*** Opening of PROVIDED DATA ***

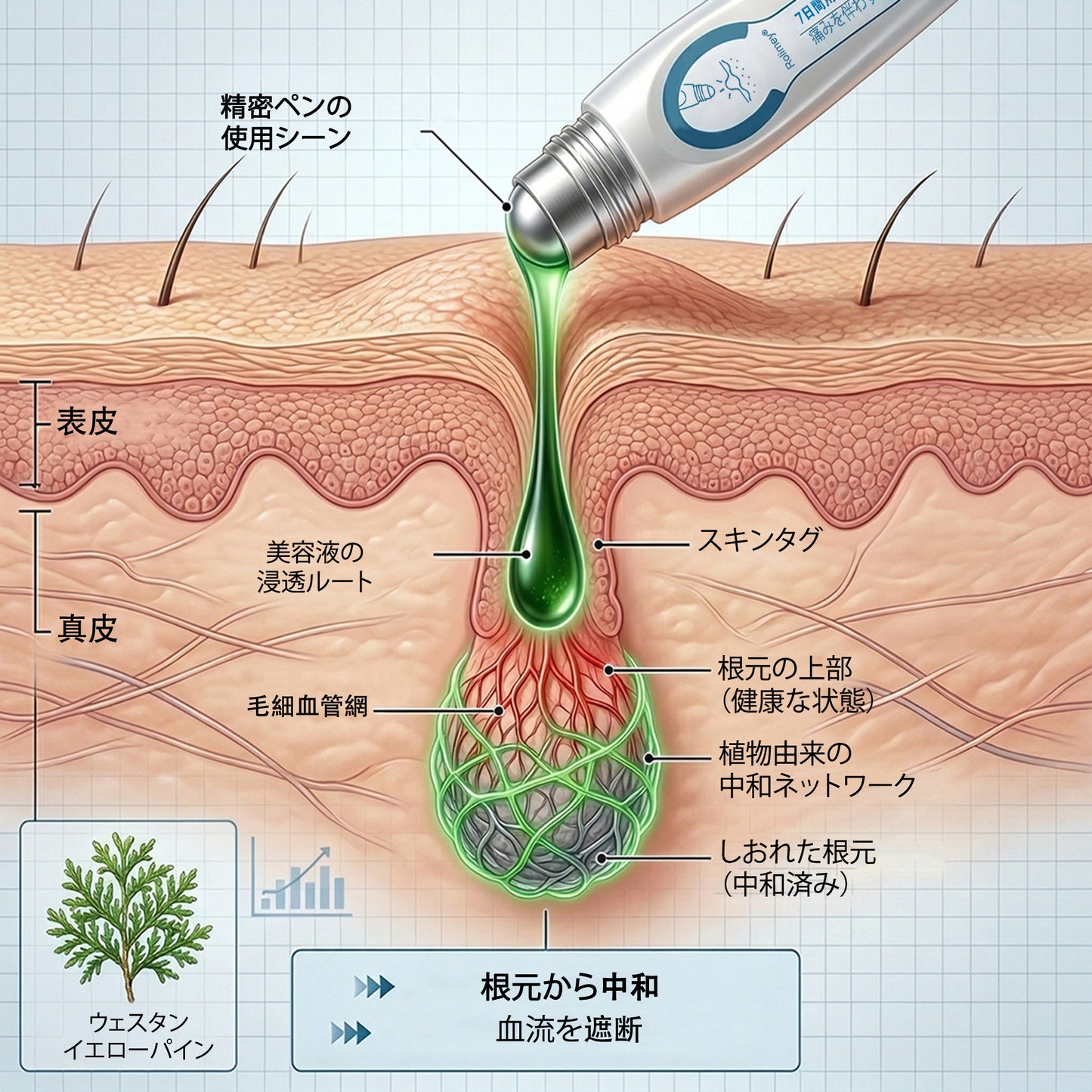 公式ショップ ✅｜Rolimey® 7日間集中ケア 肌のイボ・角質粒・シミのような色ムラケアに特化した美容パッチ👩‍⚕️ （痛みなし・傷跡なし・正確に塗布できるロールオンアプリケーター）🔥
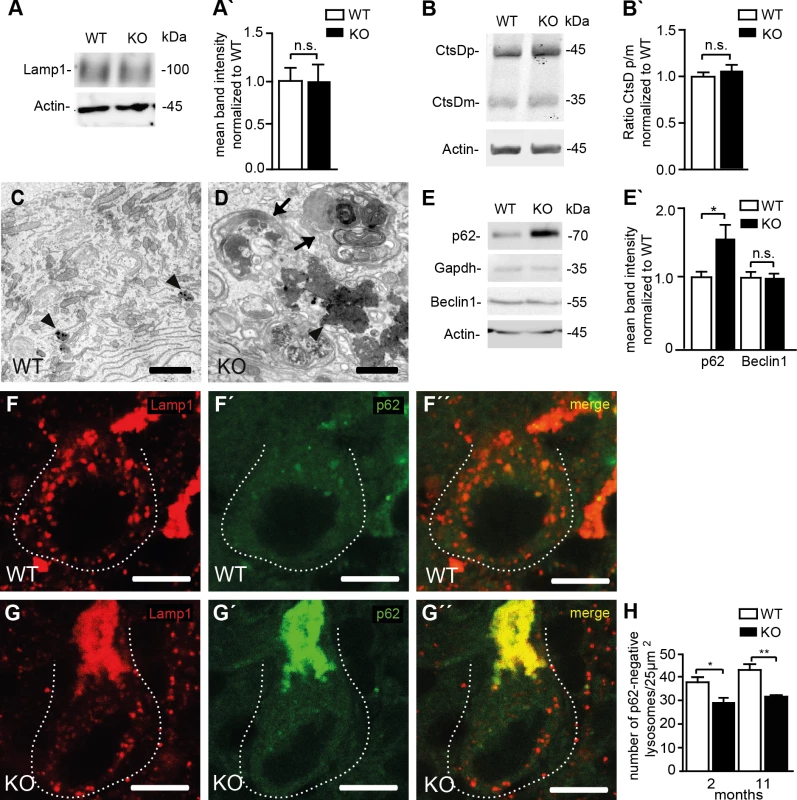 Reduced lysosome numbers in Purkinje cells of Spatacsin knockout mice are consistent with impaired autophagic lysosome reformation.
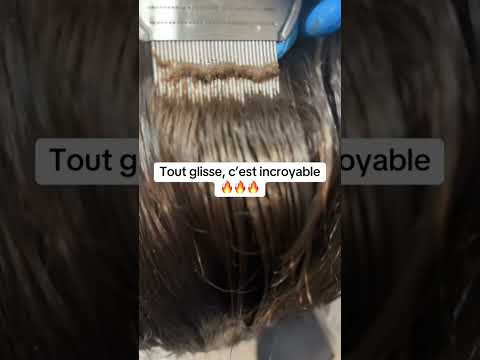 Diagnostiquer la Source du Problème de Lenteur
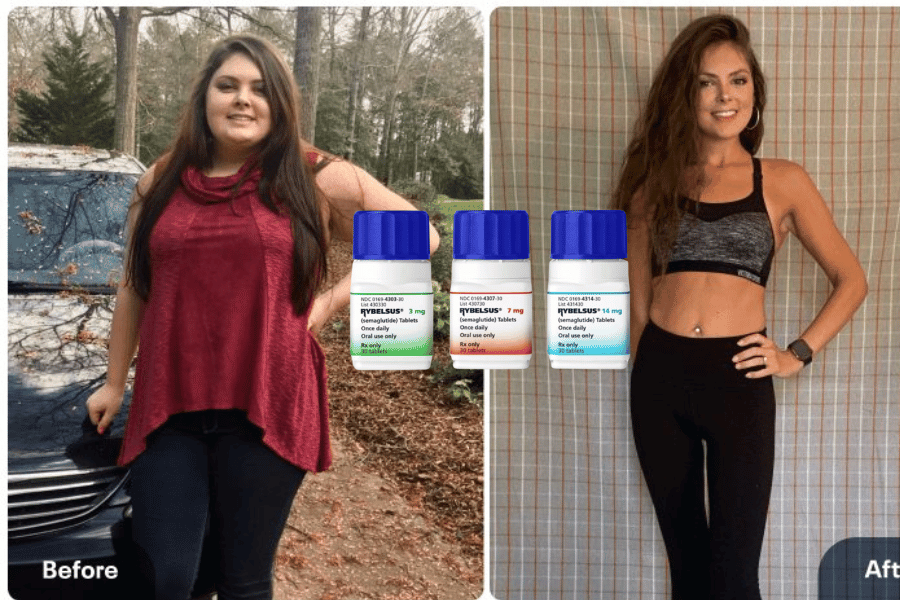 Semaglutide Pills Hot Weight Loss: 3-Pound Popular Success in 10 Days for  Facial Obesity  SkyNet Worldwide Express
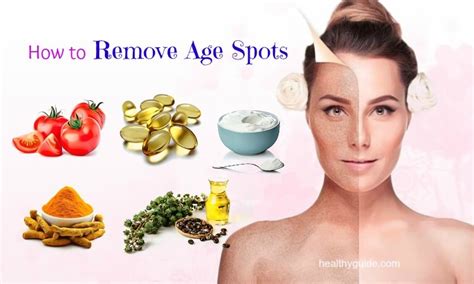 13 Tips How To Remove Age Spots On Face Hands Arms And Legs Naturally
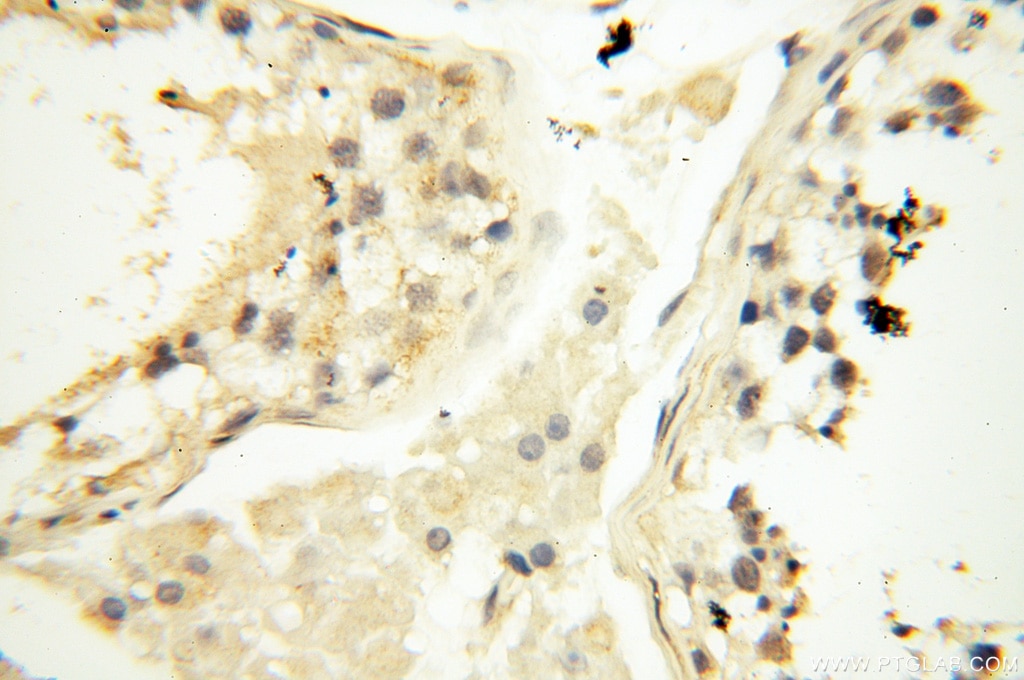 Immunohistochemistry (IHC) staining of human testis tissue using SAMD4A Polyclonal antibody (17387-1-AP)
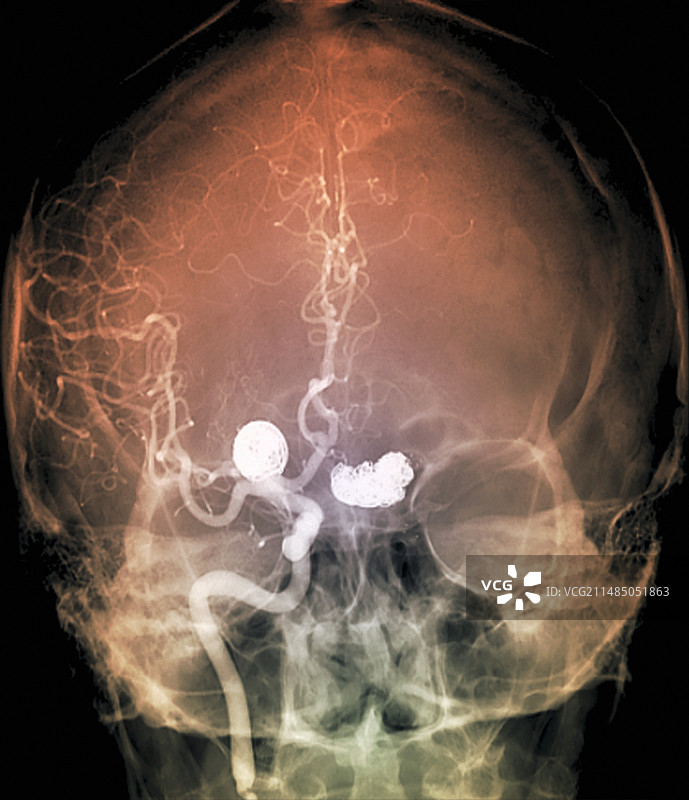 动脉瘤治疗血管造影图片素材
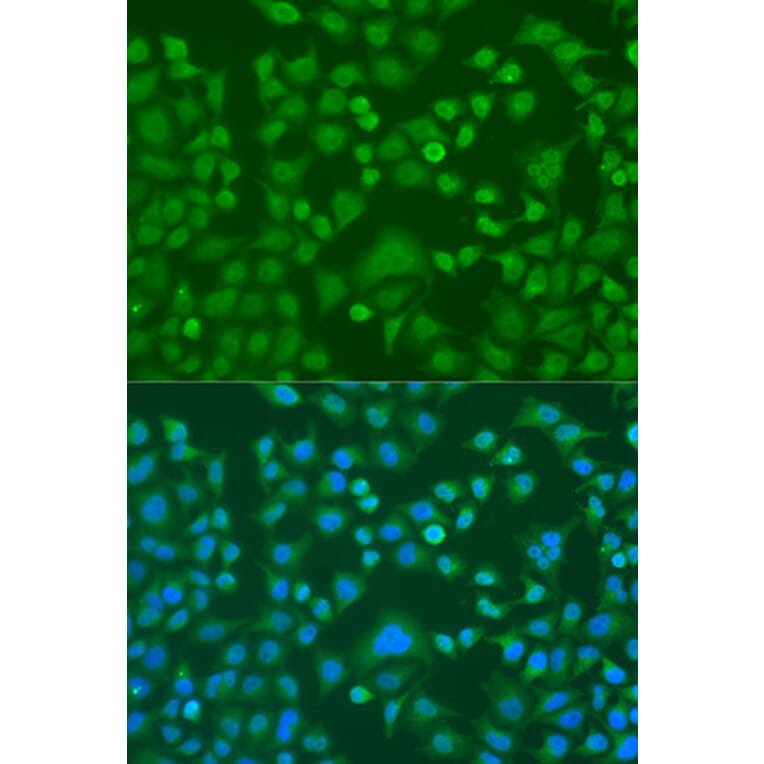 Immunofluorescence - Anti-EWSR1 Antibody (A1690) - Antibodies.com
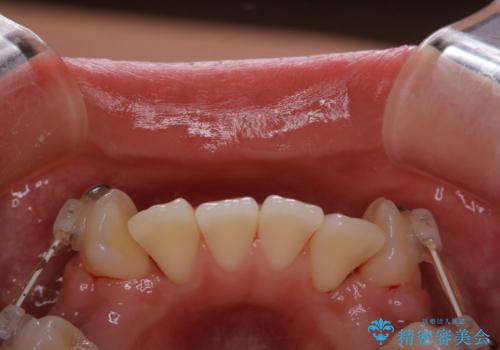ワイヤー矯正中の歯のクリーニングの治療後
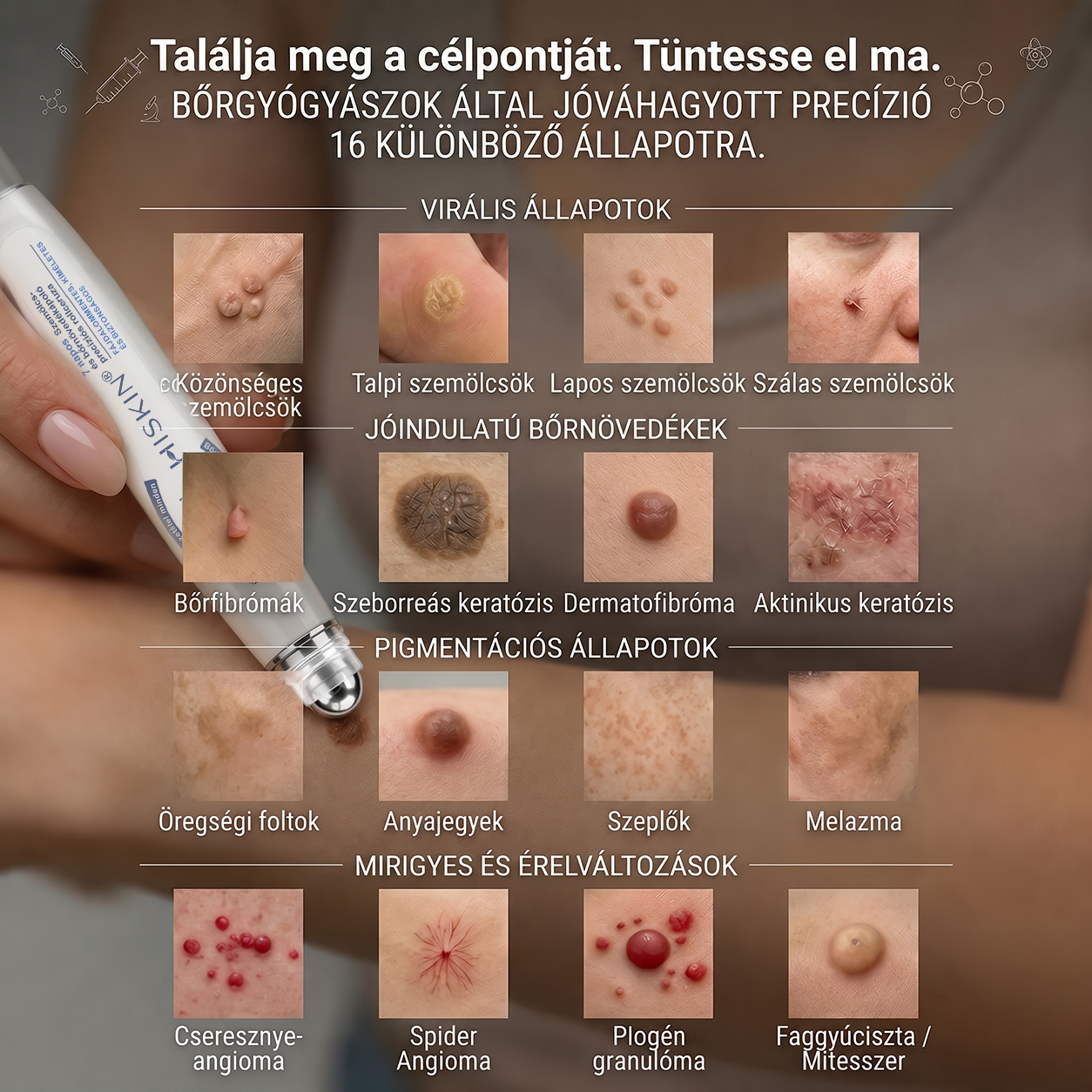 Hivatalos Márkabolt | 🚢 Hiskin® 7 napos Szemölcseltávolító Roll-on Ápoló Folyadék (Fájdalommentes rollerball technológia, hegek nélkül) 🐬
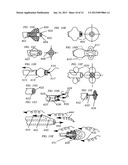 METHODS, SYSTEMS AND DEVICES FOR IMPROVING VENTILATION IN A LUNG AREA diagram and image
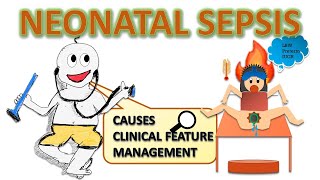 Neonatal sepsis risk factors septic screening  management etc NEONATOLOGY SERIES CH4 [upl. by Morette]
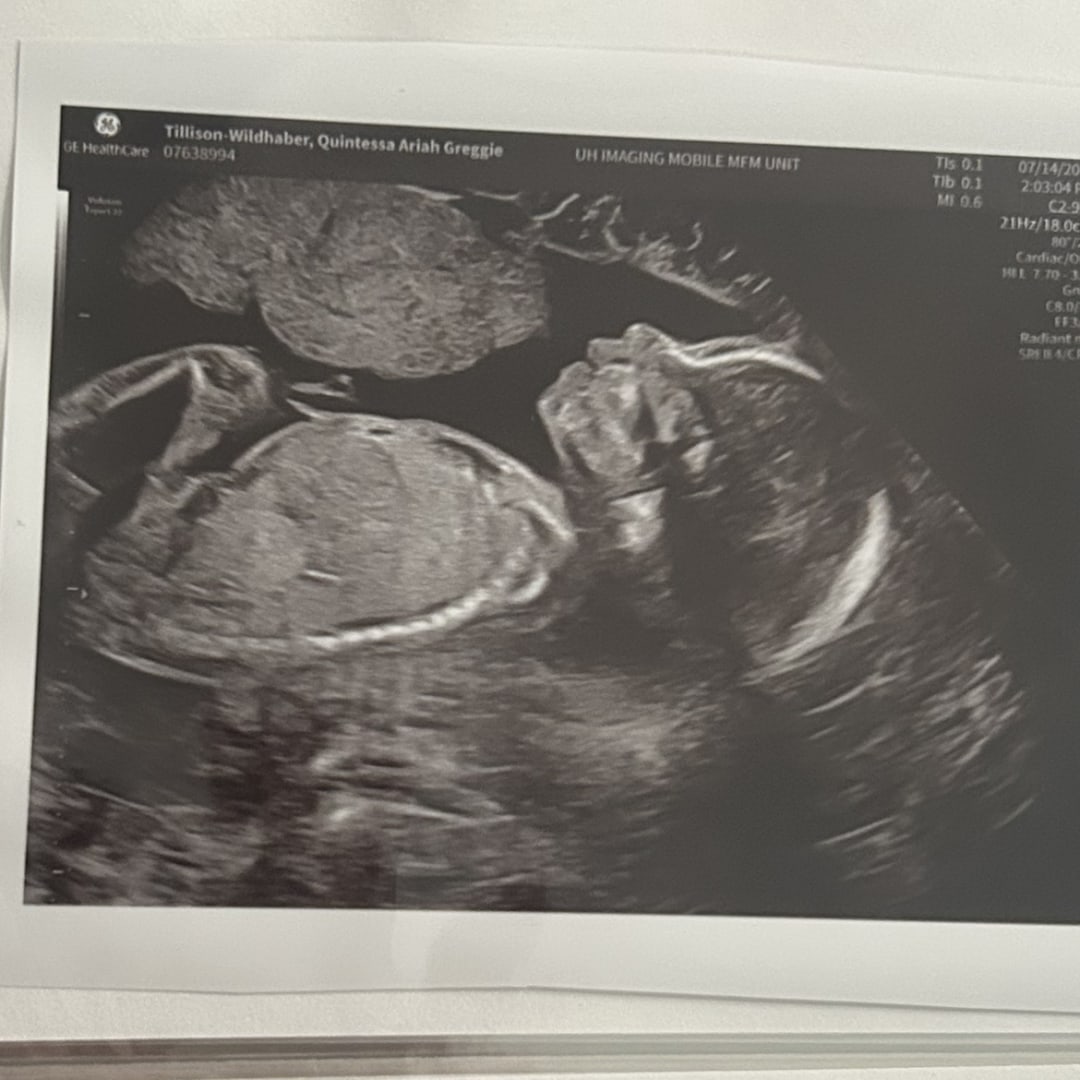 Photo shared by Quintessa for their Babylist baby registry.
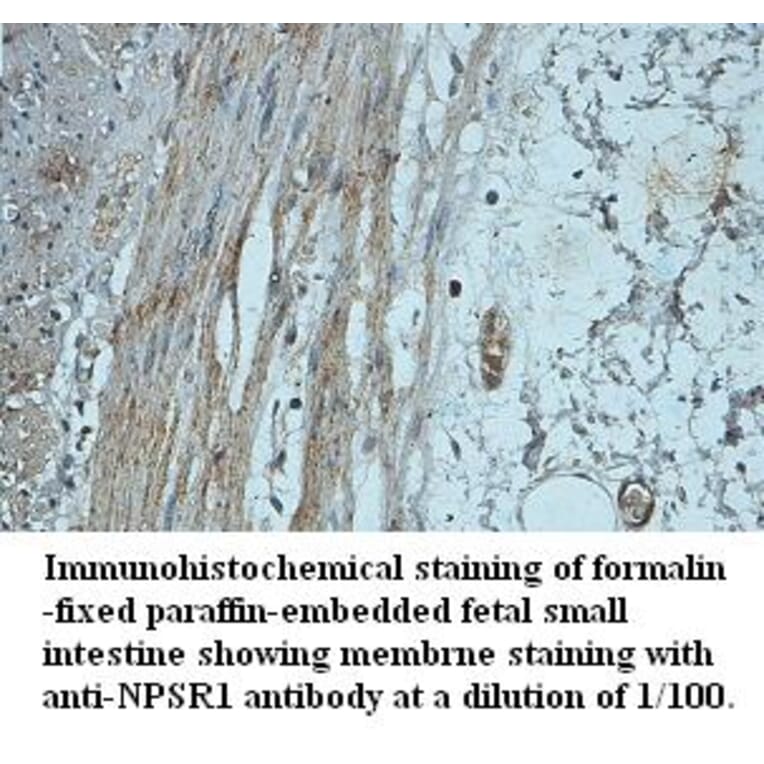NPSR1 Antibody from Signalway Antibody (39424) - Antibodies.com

*** Close of PROVIDED DATA ***

PROMPT:
The required output is each line above restated verbatim, with all images omitted.

SOLVED EXERCISE:
 公式ショップ ✅｜Rolimey® 7日間集中ケア 肌のイボ・角質粒・シミのような色ムラケアに特化した美容パッチ👩‍⚕️ （痛みなし・傷跡なし・正確に塗布できるロールオンアプリケーター）🔥
 Reduced lysosome numbers in Purkinje cells of Spatacsin knockout mice are consistent with impaired autophagic lysosome reformation.
 Diagnostiquer la Source du Problème de Lenteur
 Semaglutide Pills Hot Weight Loss: 3-Pound Popular Success in 10 Days for  Facial Obesity  SkyNet Worldwide Express
 13 Tips How To Remove Age Spots On Face Hands Arms And Legs Naturally
 Immunohistochemistry (IHC) staining of human testis tissue using SAMD4A Polyclonal antibody (17387-1-AP)
 动脉瘤治疗血管造影图片素材
 Immunofluorescence - Anti-EWSR1 Antibody (A1690) - Antibodies.com
ワイヤー矯正中の歯のクリーニングの治療後
 Hivatalos Márkabolt | 🚢 Hiskin® 7 napos Szemölcseltávolító Roll-on Ápoló Folyadék (Fájdalommentes rollerball technológia, hegek nélkül) 🐬
 METHODS, SYSTEMS AND DEVICES FOR IMPROVING VENTILATION IN A LUNG AREA diagram and image
 Neonatal sepsis risk factors septic screening  management etc NEONATOLOGY SERIES CH4 [upl. by Morette]
 Photo shared by Quintessa for their Babylist baby registry.
NPSR1 Antibody from Signalway Antibody (39424) - Antibodies.com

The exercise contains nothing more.